## What is expected
Restate the following records word for word without images.

## Supplied records
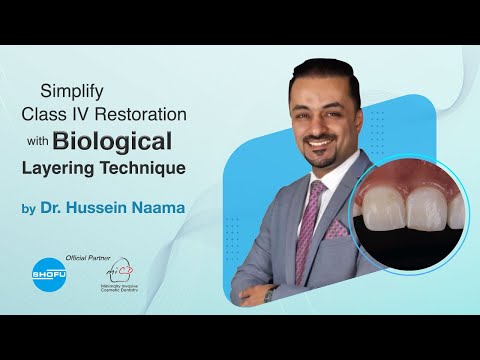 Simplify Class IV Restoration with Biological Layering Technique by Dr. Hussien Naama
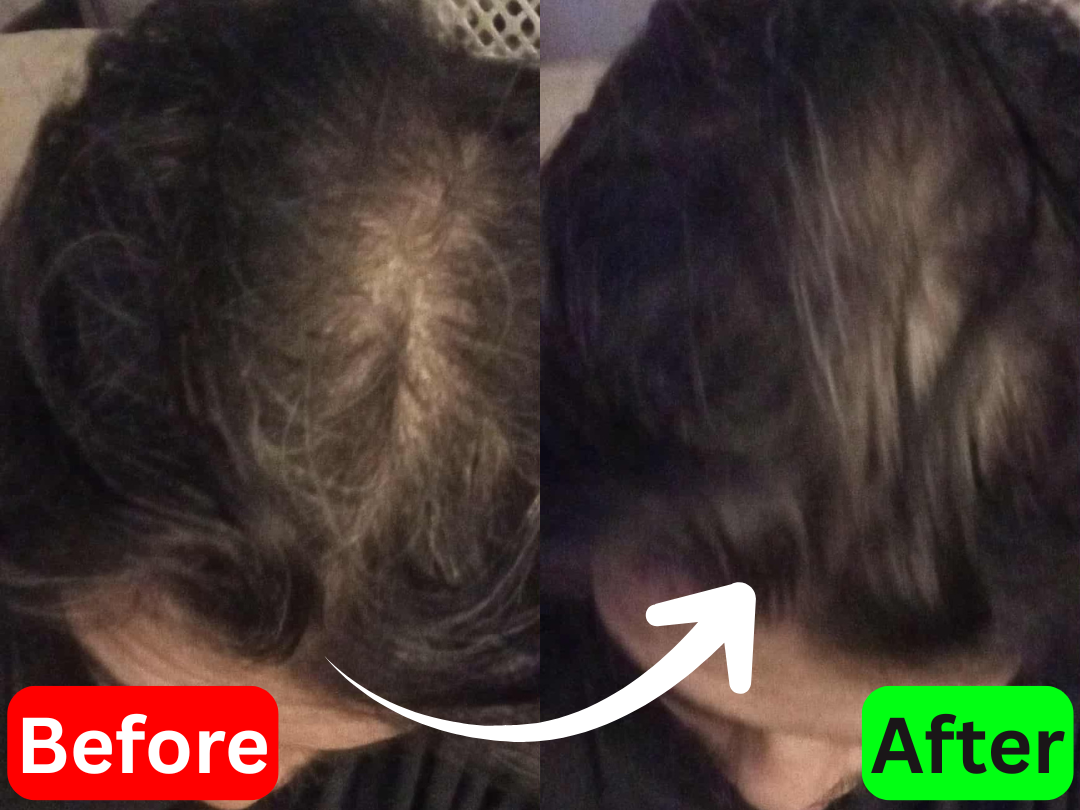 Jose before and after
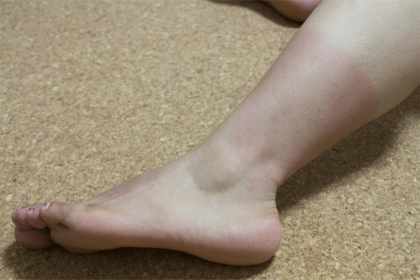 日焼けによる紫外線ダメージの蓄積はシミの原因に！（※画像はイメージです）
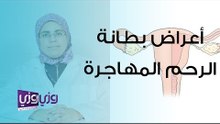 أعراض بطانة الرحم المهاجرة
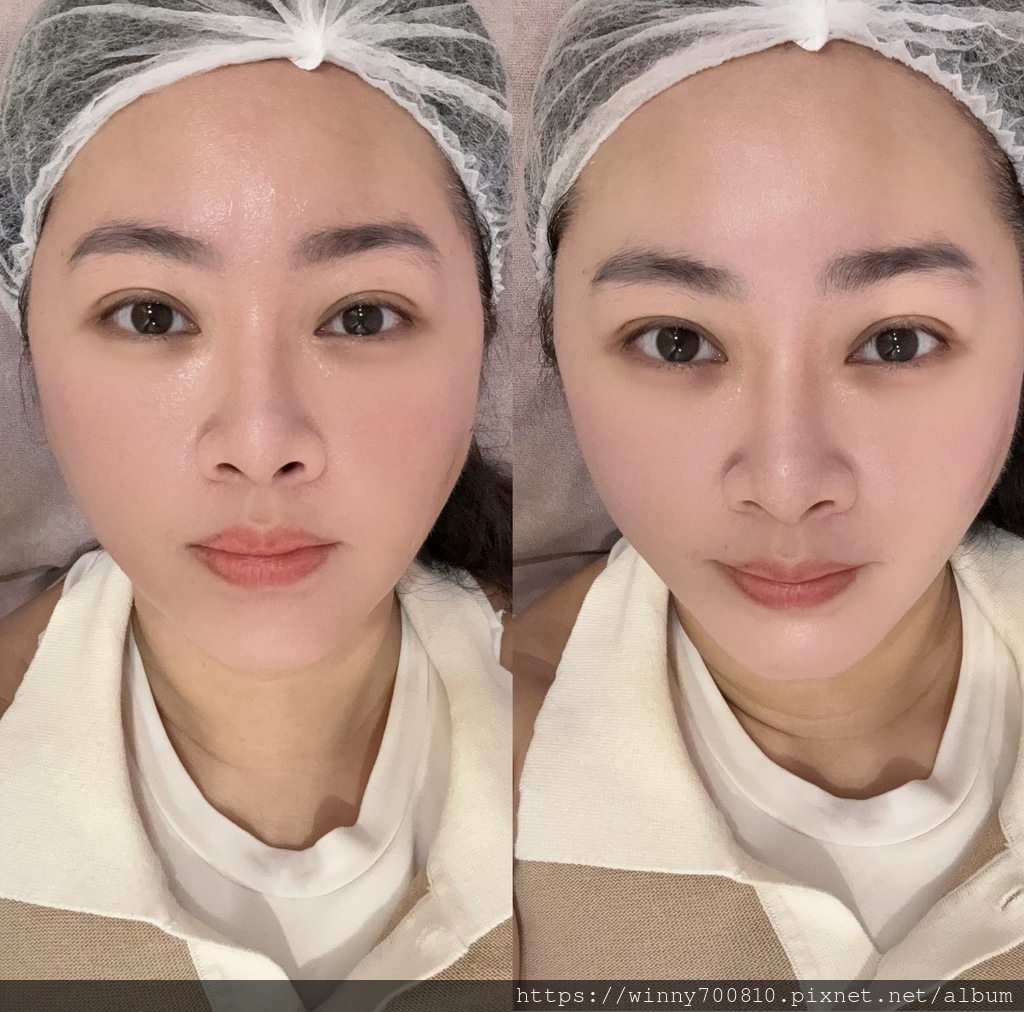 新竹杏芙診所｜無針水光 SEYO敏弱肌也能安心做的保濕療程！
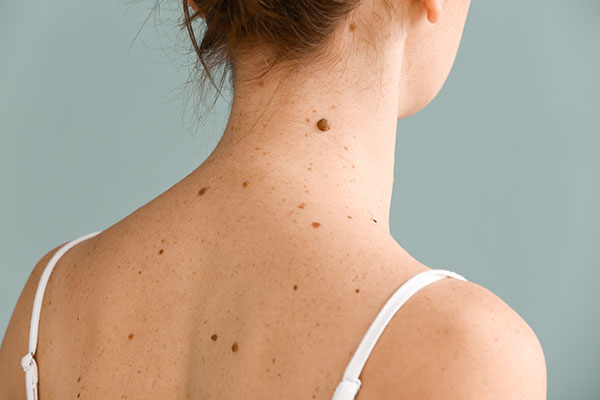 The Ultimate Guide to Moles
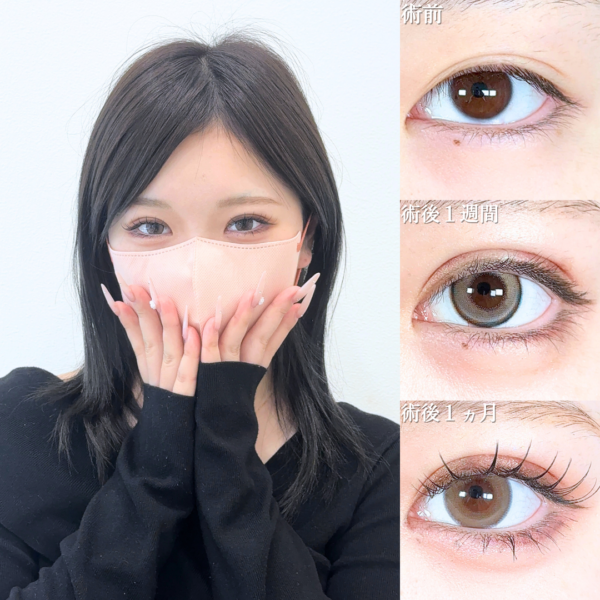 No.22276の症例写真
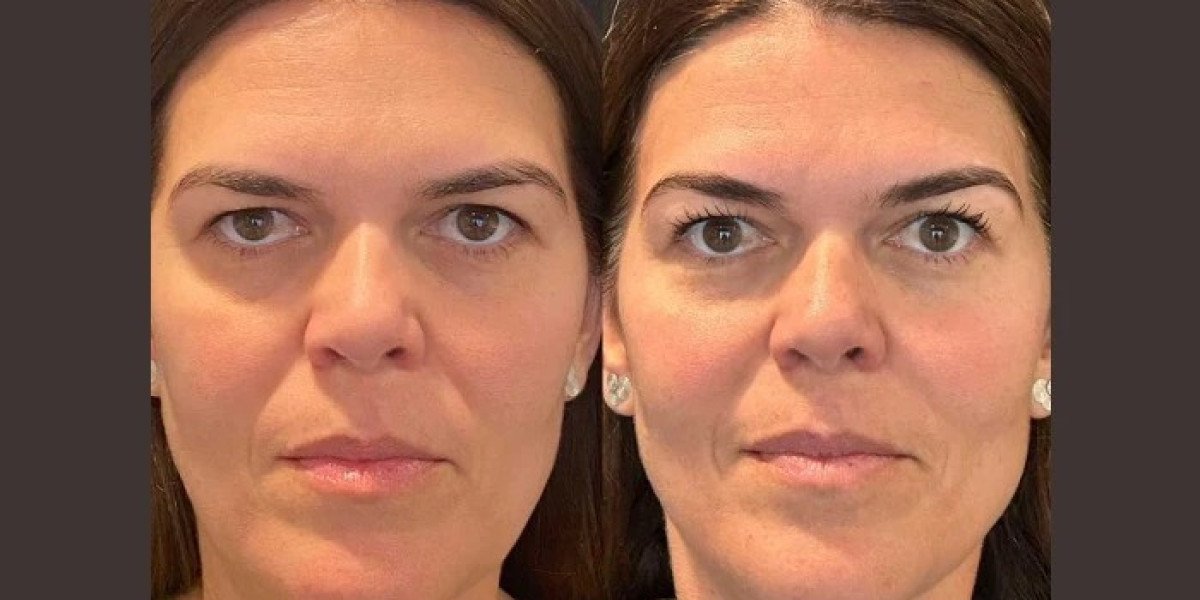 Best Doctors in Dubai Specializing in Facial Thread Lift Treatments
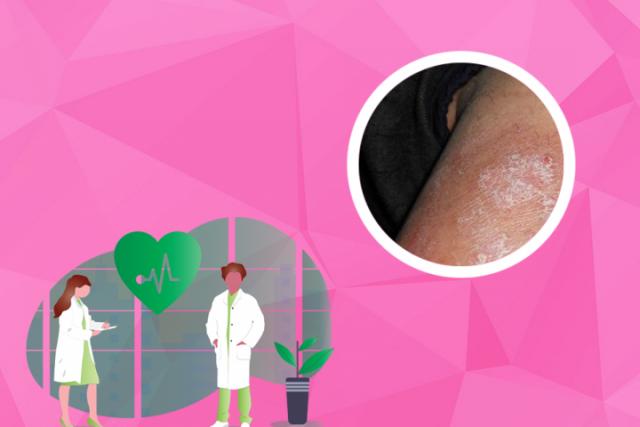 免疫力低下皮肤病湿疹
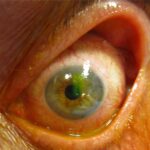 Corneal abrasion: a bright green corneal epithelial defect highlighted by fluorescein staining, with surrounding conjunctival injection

## Finished task
 Simplify Class IV Restoration with Biological Layering Technique by Dr. Hussien Naama
 Jose before and after
 日焼けによる紫外線ダメージの蓄積はシミの原因に！（※画像はイメージです）
 أعراض بطانة الرحم المهاجرة
 新竹杏芙診所｜無針水光 SEYO敏弱肌也能安心做的保濕療程！
 The Ultimate Guide to Moles
 No.22276の症例写真
 Best Doctors in Dubai Specializing in Facial Thread Lift Treatments
 免疫力低下皮肤病湿疹
 Corneal abrasion: a bright green corneal epithelial defect highlighted by fluorescein staining, with surrounding conjunctival injection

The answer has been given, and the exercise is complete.